In holding the recent conference in Toronto, Canada, the Association (and, by extension, the profession) has implicitly raised a question about this basic identification. I say "implicitly" because I know of no sustained discussion of the decision to place the Association meeting outside of the United States. Recently the decision to site the conference in New Orleans in 2011 received discipline-wide scrutiny because of perceptions that Louisiana law would make it an unwelcome location for gays; however, the decision to locate the recently concluded meeting in Canada received little comparable scrutiny (a small "retaliation" protest raised questions about academic free speech in light of Canada's "Human Rights Commissions," but was summarily dismissed by the Association and received only modest attention. Most of its signatories attended the conference).
Coming on the wake of a panel at last year's meeting in which it was discussed - and an Association committee was formed to explore - whether the subfield of "American Government" should be eliminated as an outmoded nation-centered field that gives undue recognition or stress upon a particular place, the Association's under-discussed decision to site the annual meeting in Canada gives pause. "Political Science" - like all the social sciences - was created under the aspiration to treat human phenomena with the same form of scientific objectivity, analysis, and rigor as was taking place in the natural sciences.

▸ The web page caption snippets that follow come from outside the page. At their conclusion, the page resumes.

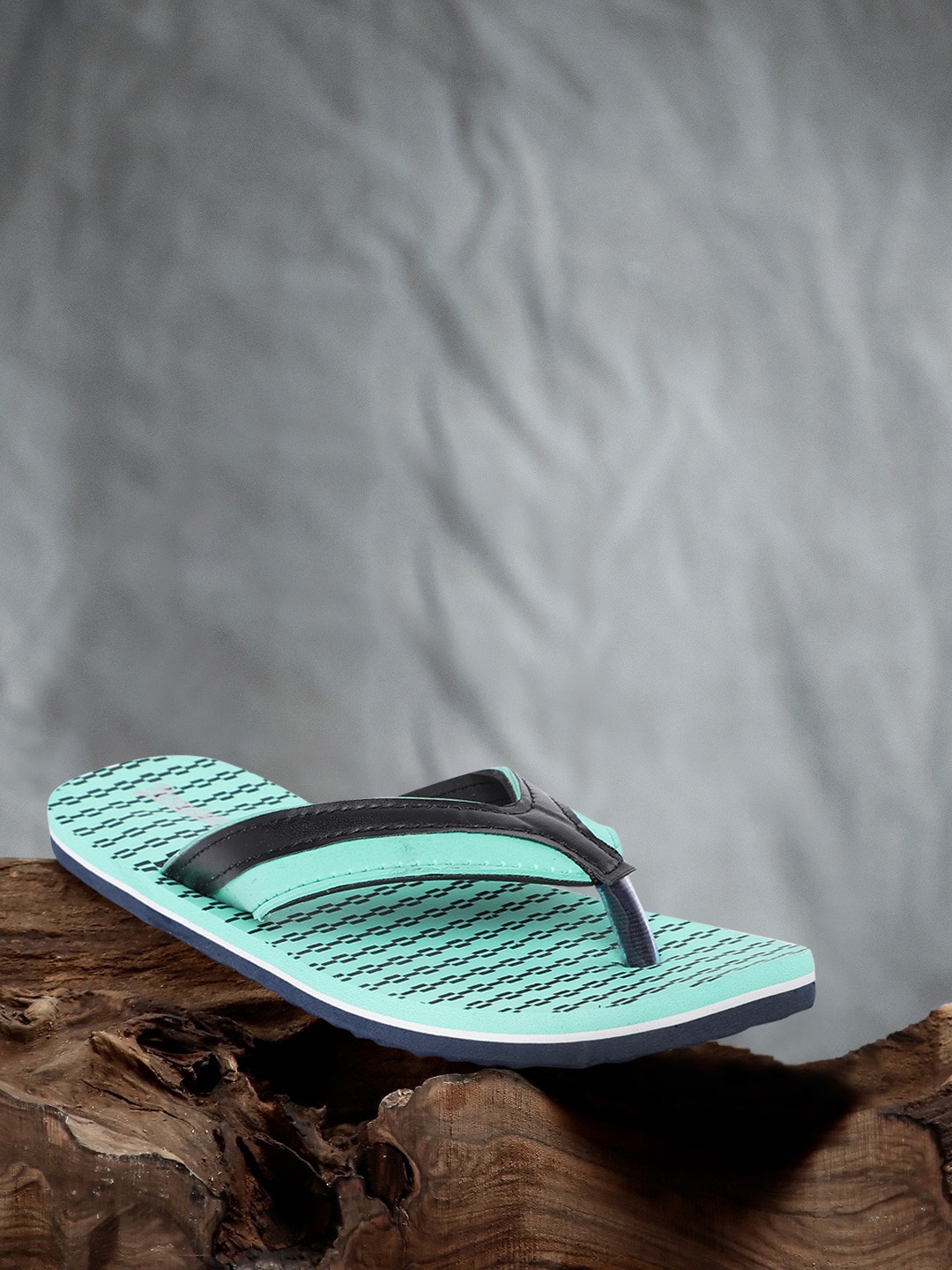 

Roadster Women Sea Green & Black Printed Thong Flip-Flops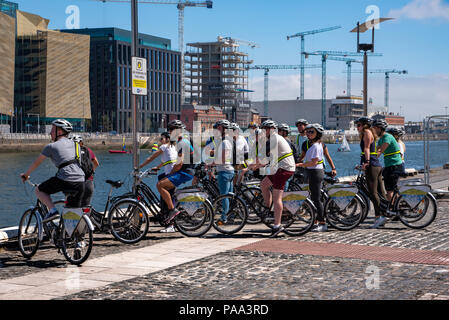 Un groupe de touristes sur les bicyclettes est à la recherche sur la Liffey à Dublin, Irlande. Banque D'Images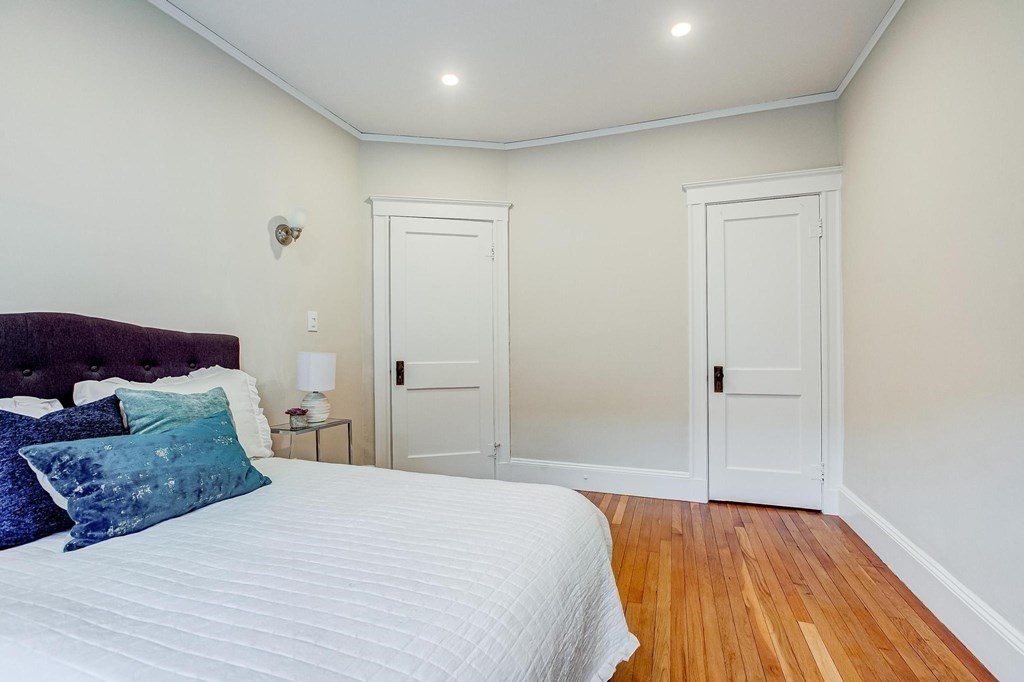 230 Massachusetts Avenue, Unit 2 Arlington, MA 02474 - Photo 15 of 25 a bedroom with a bed and wooden floor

A distinctive feature of the natural sciences is its universality - what is discovered by a particular researcher in one place is and ought to be available and replicable by a researcher anywhere else on the globe. Scientists often consider themselves to be a society of investigators who transcend place and time.
By contrast, the study of human things - especially politics - at least in its inception implied the recognition of the reality of human particularlity - meaning place, history, culture, politics, identity, loyalty, exclusion, patriotism, war, solidarity, and so on. The American Political Science Association was born of a mixed or even confused mandate: aspire to the objective, universal and disembodied condition of the natural sciences in the study of the human phenomenon of politics. If the word "Science" in the title "American Political Science Association" implied one way of being in the world, the other three words - "American," "Political," and "Association" - cut against the implications of that particular vocation. If largely understated, it was long understood that the field of American Government was legitimate because it mattered where one lived, and further, that one's students know more about one's own polity than those of other nations. Citizenship was a large component in the consideration of what mattered.
The decision to site the most recent meeting in Canada was largely treated - if discussed at all - as an administrative and possibly tourist matter, a decision to encourage international comity. However, implicitly it raises some large questions that have gone largely unexplored. At this point in the history of the Association, does it make sense to continue to call it the "American" Political Science Association. Given drifts in the profession away from implicit recognition of the legitimacy of place and history and citizenship, why retain this marker of distinction? Does the decision to site the most recent meeting in Canada imply that we have become the North American Political Association? If so, is this not an offensive exclusion of Central and South America? At that point, why limit it at all to the Americas? How can it be further justified to hold the vast majority of annual meetings in the United States?
The Association and many of its members would doubtless tut-tut that any such prospects were clearly not the intention in its generous decision to spread some of its wealth and legitimizing aura north of the border. However, it's precisely by leaving the issue unexplored and underarticulated that the Association is sending strong signals about (at the very least) its tendency to be intentionally subject to the prevailing winds of transnationalism, globalism and cosmopolitanism. The aim is to be placeless, to show ourselves - as true scientists - to be citizens of the world, belonging at once everywhere and nowhere.
For the first time in probably 20 years, I did not attend this year's conference. I gladly remained home with family and friends on Labor Day weekend, ate barbeque, drank beer, saw a baseball game (appropriately enough, the team that was once located in Canada and is now housed in the nation's capital), and flew the American flag in honor of the American worker. On that weekend at least, I decided to behave as a father, husband, neighbor and citizen - and decidedly, not as a scientist.